The sustainable management of high-volume (HV) waste such as dredgings and mining waste remains a challenge due environmental, logistical, and economic challenges. Nature-based solutions are increasingly being explored as promising enablers of circular economy strategies for HV waste flows. Given the several spatial scales of planning and the plethora of stakeholders involved with HV waste management, this thesis focused on developing multi-level decision-making frameworks to quantify the sustainability benefits of nature-based secondary resource recovery at multiple levels under uncertainty ensuring robust and reliable decision-making.

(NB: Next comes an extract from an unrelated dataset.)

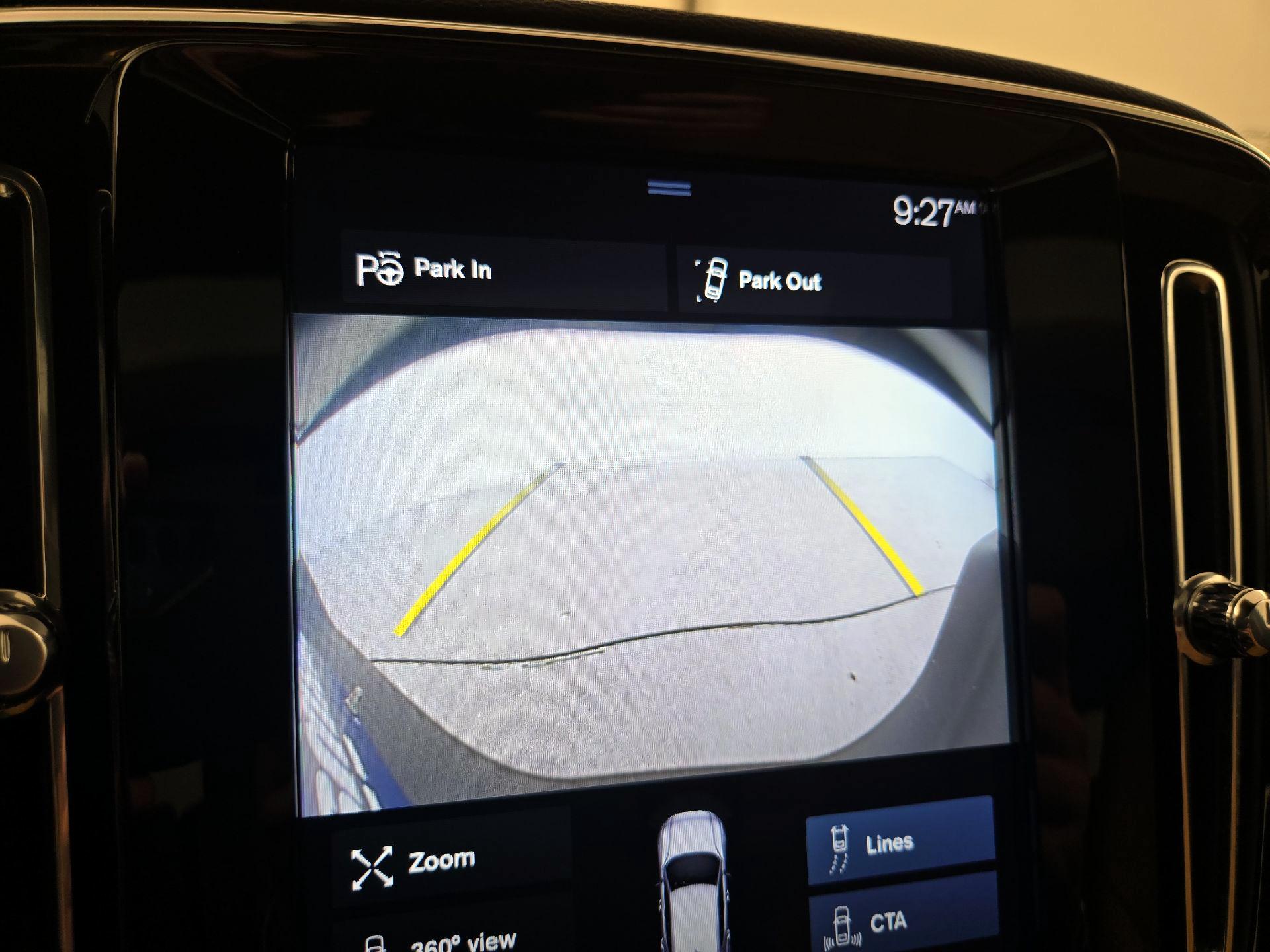 Thumbnail: 2019 Volvo XC40 - 15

The research reported in thesis is divided into three parts. The first focuses on the meso-level sustainability assessment through the integration of ecosystem services into life cycle assessment (ES-LCA) to improve the sustainability evaluation of nature-based solutions. The proposed framework addresses the absence of a comprehensive ES-LCA approach by incorporating ecosystem services into traditional LCA methodologies. An illustrative case study involving the London Olympic Park demonstrates the benefits of this approach, highlighting improvements in ecosystem service delivery and cost-effectiveness compared to conventional remediation methods. Sensitivity and qualitative uncertainty analyses validate the robustness of the framework, suggesting its potential for broader application in sustainability assessments.

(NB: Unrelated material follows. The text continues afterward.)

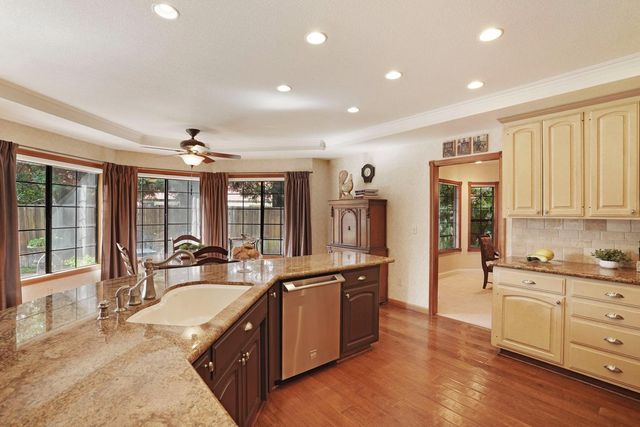 1041 Yuloni Dr, Lodi, CA 95240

The second part of the thesis presents a novel quantitative uncertainty assessment protocol for integrated ES-LCA of nature-based solutions. This protocol enhances decision-making by systematically evaluating the uncertainty inherent in environmental assessments. Using the London Olympic Park as a case study, the protocol demonstrates the identification of key parameters influencing ES-LCA outcomes and provides guidelines for implementing global sensitivity analysis. The results underscore the importance of considering uncertainty in sustainability assessments to ensure reliable and informed decision-making for nature-based solutions.

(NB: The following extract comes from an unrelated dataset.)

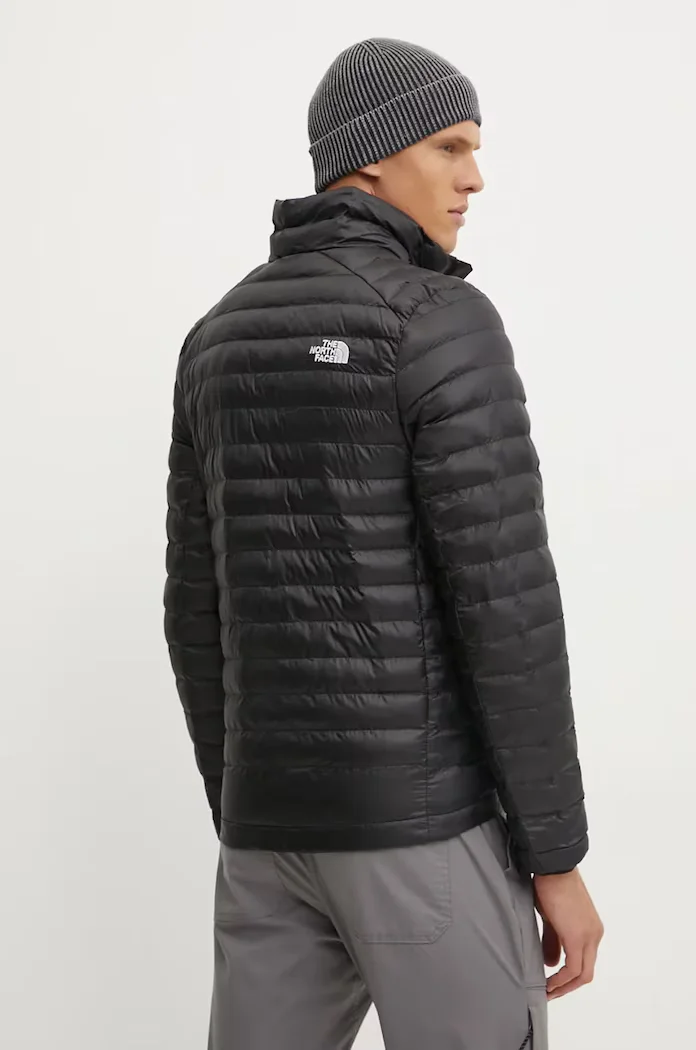 The North Face Спортно яке Huila в черно преходен модел NF0A85AE4GZ1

The third part of the thesis focuses on macro-level sustainability assessment through development of a robust multi-objective optimization framework for assessing the macro-level sustainability of nature-based secondary resource recovery from HV waste under climate change uncertainty. The framework integrates economic, social, and environmental objectives using mixed-integer linear programming to evaluate the resilience of proposed solutions. A national-scale case study of legacy mining waste illustrates the framework's application, revealing significant benefits in economic feasibility and climate resilience. The findings highlight the necessity of holistic approaches and adaptive strategies in long-term planning for sustainable waste management.